Anayasanın 121 ve 122. maddelerine göre; olağanüstü hal ve sıkıyönetim kanun hükmündeki kararname çıkarma yetkisi; Cumhurbaşkanının Başkanlığında toplanan Bakanlar Kuruluna aittir ve kararnameyi çıkarmak için de TBMM tarafından verilecek bir yetki kanuna gerek yoktur. Diğer bir ifadeyle OHALSYKHK’si, “yürütmenin 1982 Anayasasına göre sahip olduğu özerk ve asli düzenleme yetkisinin tipik bir örneğini” meydana getirir.[28]
4.2. TÜZÜKLER
1924tarihli ‘’Teşkilatı Esasiye Kanunu’’ nun 52. maddesi açık olarak Bakanlar Kurulu’nun tüzük çıkarma yetkisini öngörmüş, böylece bugün anladığımız biçimde, idarenin gerçek düzenleme yetkisi ortaya çıkmıştır.

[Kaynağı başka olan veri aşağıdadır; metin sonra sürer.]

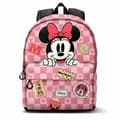 Miniatyrbild 1 av 2: Barnryggsäck Minnie Mouse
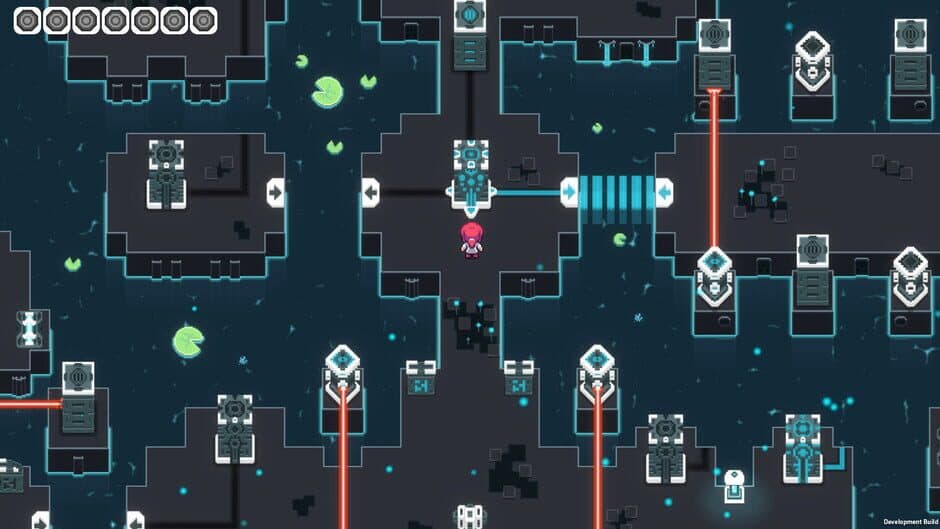 Скриншот 2 из Monolith's Dreamers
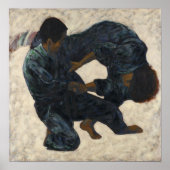 Poster Aikido 16 (Devant)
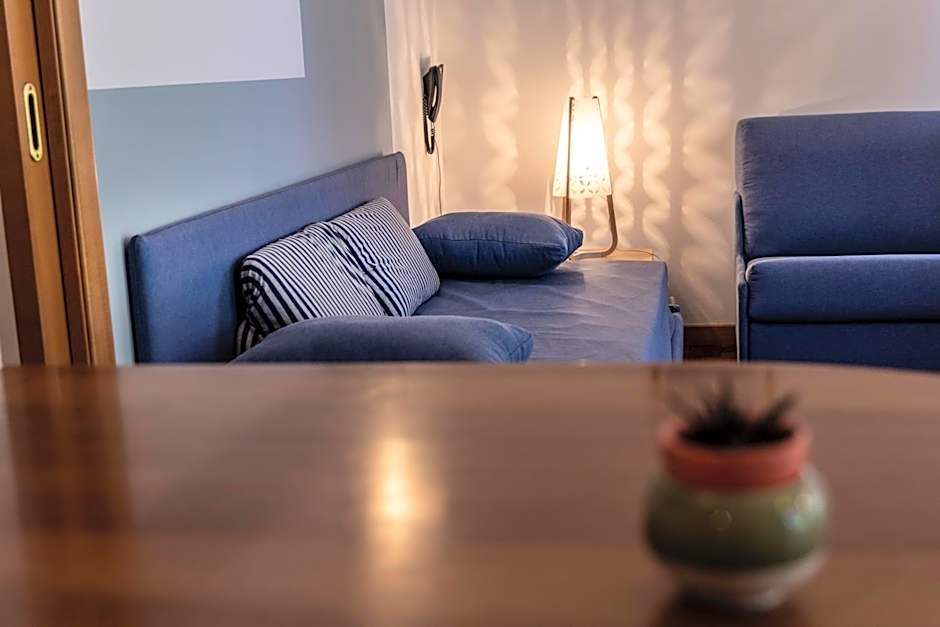 Residence Villa al Lido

Bir kanunun uygulanmasını göstermek ve emrettiği işleri belirtmek üzere kanunlara aykırı olmamak ve Danıştay’ın incelemesinden geçirilmek şartıyla Bakanlar Kurulu tarafından çıkarılan yazılı hukuk kurallarıdır. Tüzükler Anayasanın 115. Maddesinde düzenlenmiştir. Bu madde şöyledir; “Bakanlar Kurulu, kanunun uygulanmasını göstermek veya emrettiği işleri belirtmek üzere, kanunlara aykırı olmamak ve Danıştay’ın incelemesinden geçirilmek şartıyla tüzükler çıkarabilir. Tüzükler, Cumhurbaşkanınca imzalanır ve kanunlar gibi yayımlanır.”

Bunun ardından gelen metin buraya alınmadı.